= Goal of the exercise =
Find "Tradição Assessoria Contábil" below and begin at its line; stop after the line with "Kia Morning Van 1.0 AT 2010 - ảnh 1". Output those lines exactly, without pictures.

= The input =
++++++
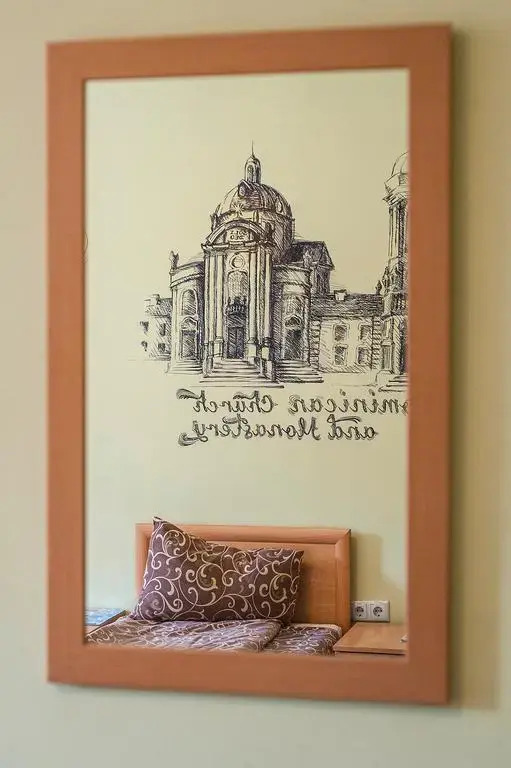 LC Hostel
++++++
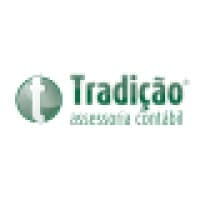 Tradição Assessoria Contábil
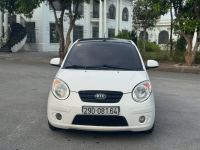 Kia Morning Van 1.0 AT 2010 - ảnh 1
++++++
= Result for this exercise =
 Tradição Assessoria Contábil
 Kia Morning Van 1.0 AT 2010 - ảnh 1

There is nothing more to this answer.